Exercise directions
Restate word for word the section of the entries that opens at the line containing "Tabrak Lima Motor, Pengendara..." and closes at the line containing "Nike 트레비스 스캇", both lines kept, pictures dropped.

===== Data

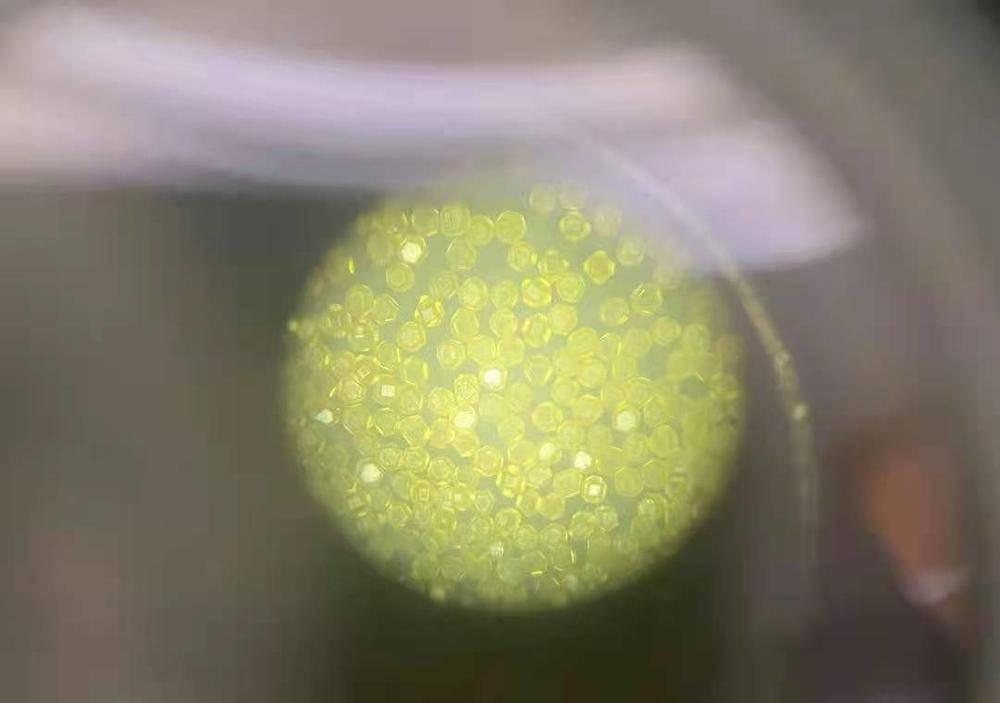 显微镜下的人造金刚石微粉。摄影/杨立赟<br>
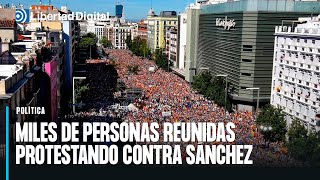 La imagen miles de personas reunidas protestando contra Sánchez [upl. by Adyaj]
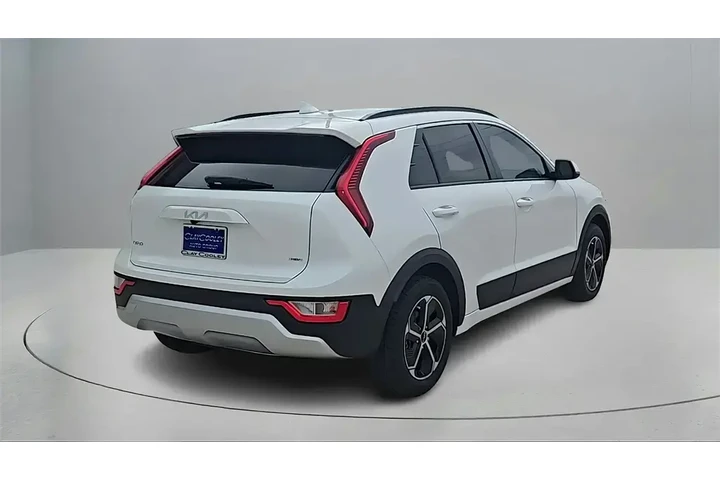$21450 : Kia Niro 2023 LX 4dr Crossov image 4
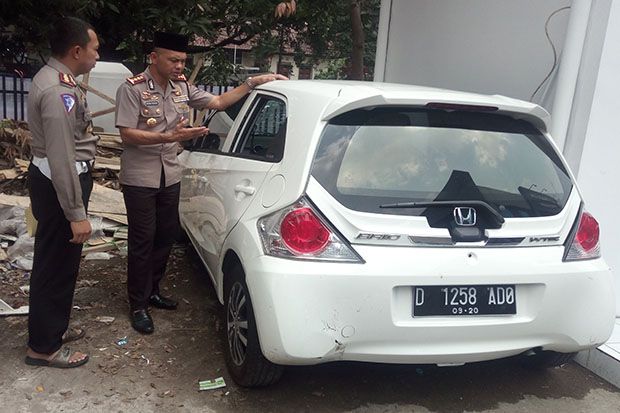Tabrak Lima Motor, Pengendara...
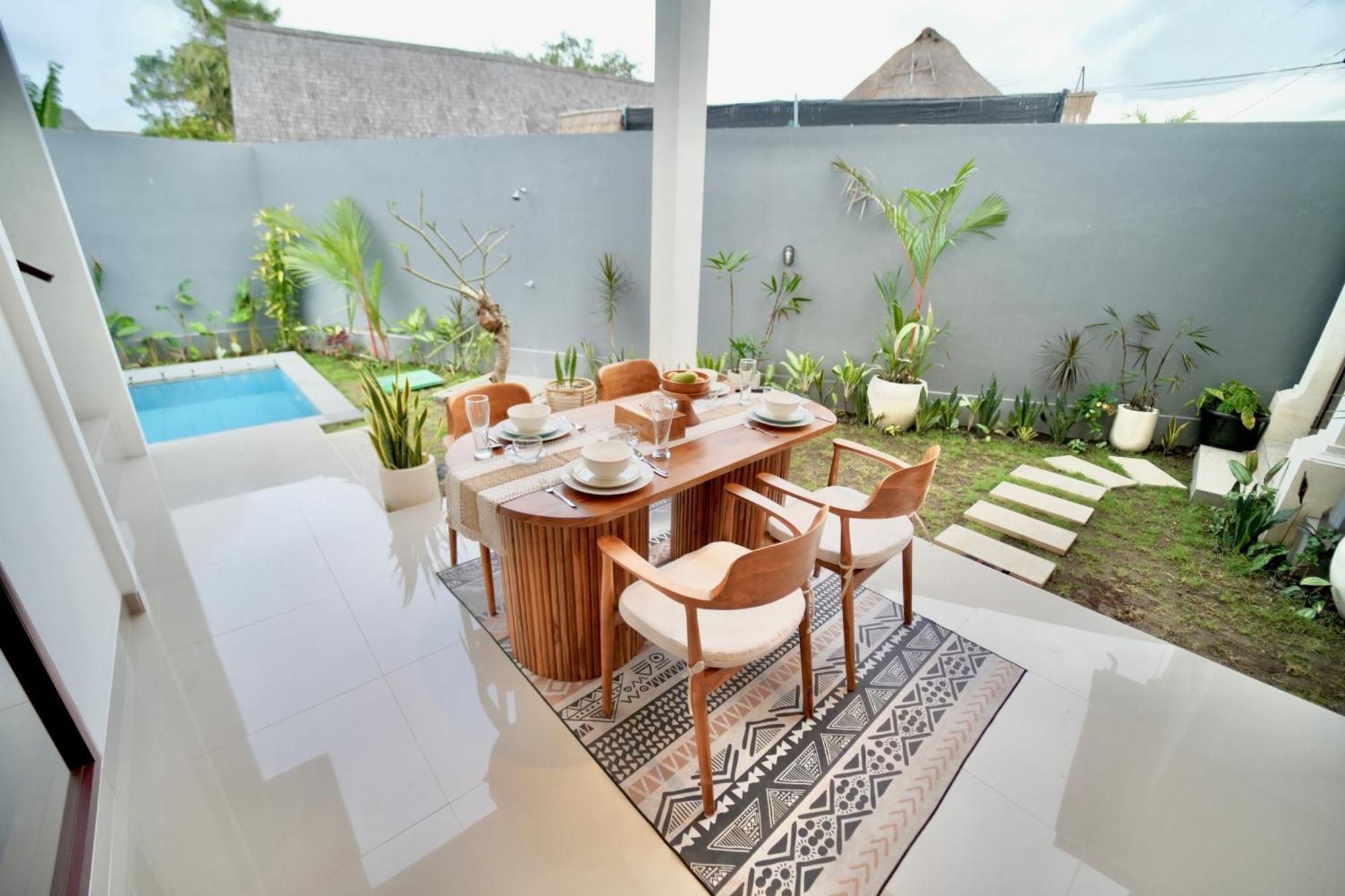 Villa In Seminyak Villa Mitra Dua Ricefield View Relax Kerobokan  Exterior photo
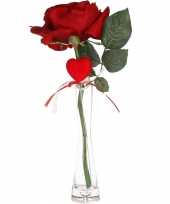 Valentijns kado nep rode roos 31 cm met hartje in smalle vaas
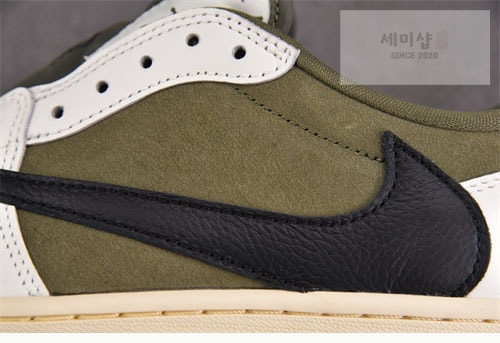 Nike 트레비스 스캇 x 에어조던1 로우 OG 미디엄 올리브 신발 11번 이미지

==========
===== Data

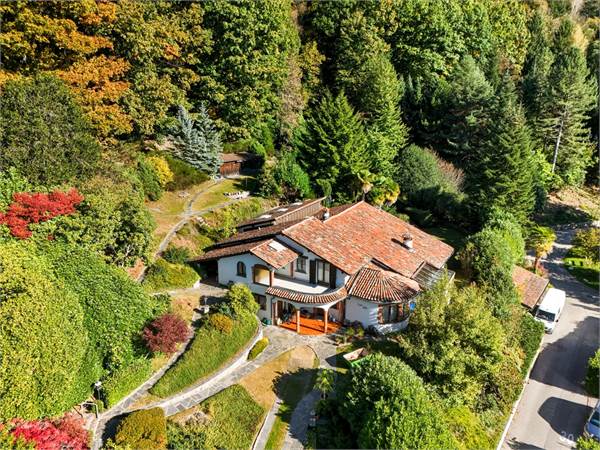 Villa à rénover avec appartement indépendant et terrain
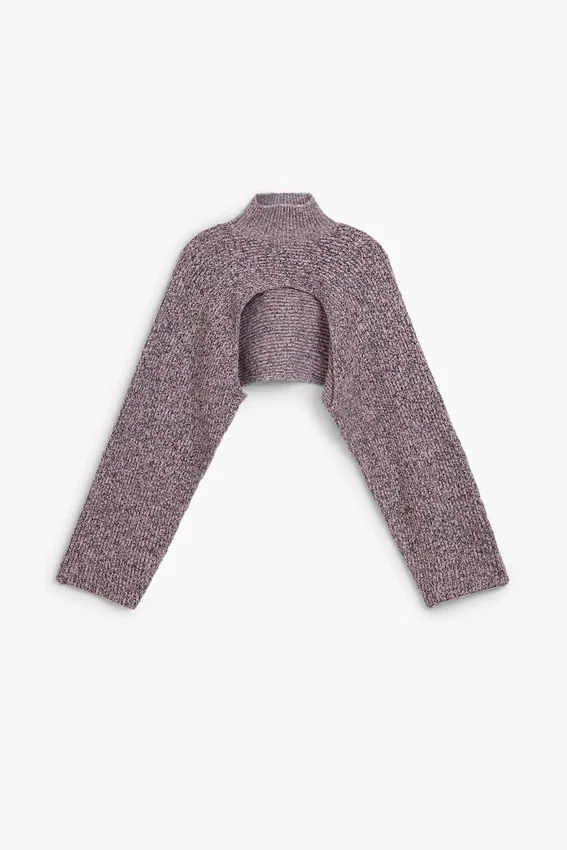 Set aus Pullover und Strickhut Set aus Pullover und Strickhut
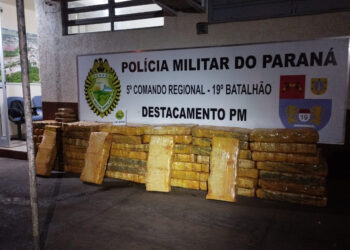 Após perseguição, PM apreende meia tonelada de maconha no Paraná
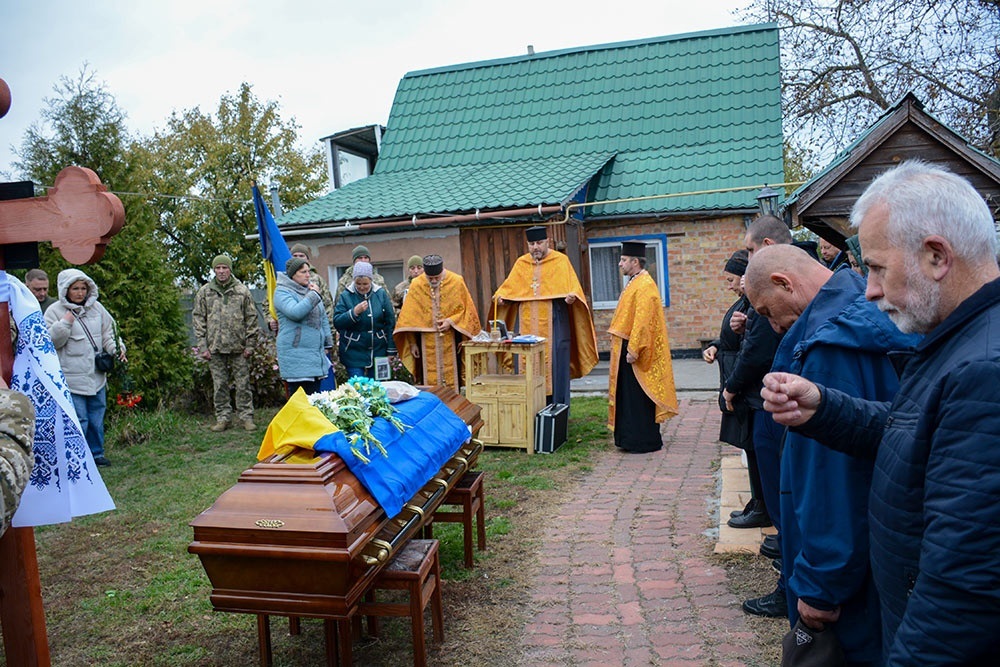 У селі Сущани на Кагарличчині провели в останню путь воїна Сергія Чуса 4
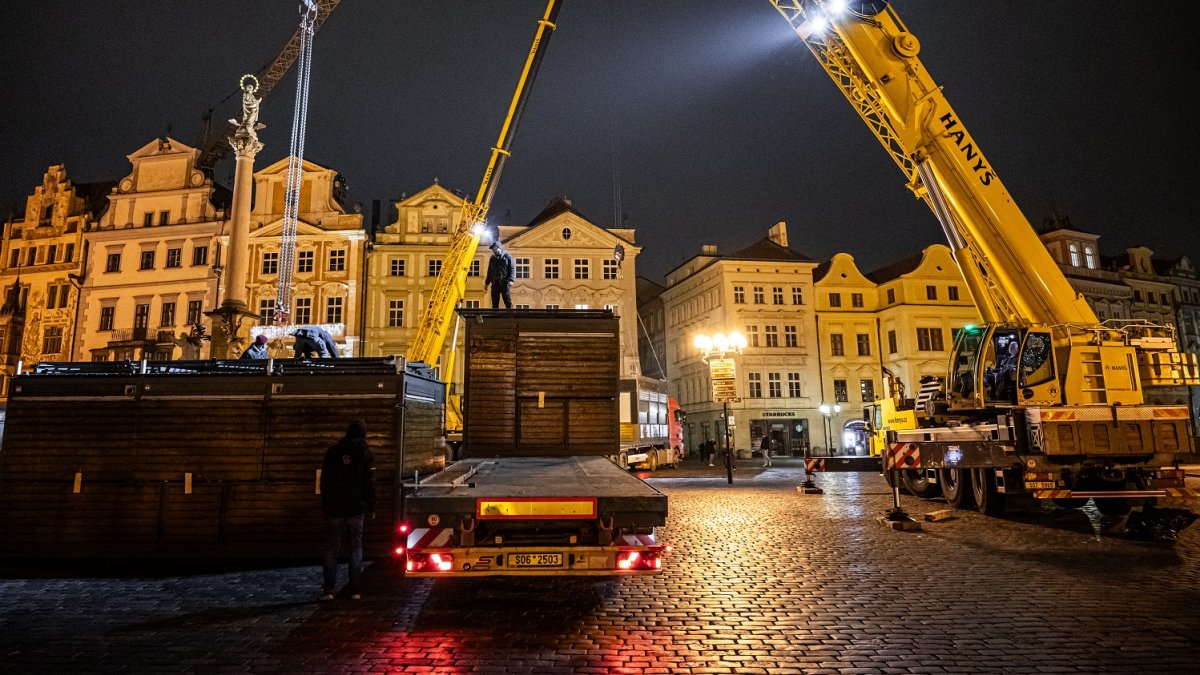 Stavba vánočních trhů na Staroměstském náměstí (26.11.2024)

==========

Result
Tabrak Lima Motor, Pengendara...
 Villa In Seminyak Villa Mitra Dua Ricefield View Relax Kerobokan  Exterior photo
 Valentijns kado nep rode roos 31 cm met hartje in smalle vaas
 Nike 트레비스 스캇 x 에어조던1 로우 OG 미디엄 올리브 신발 11번 이미지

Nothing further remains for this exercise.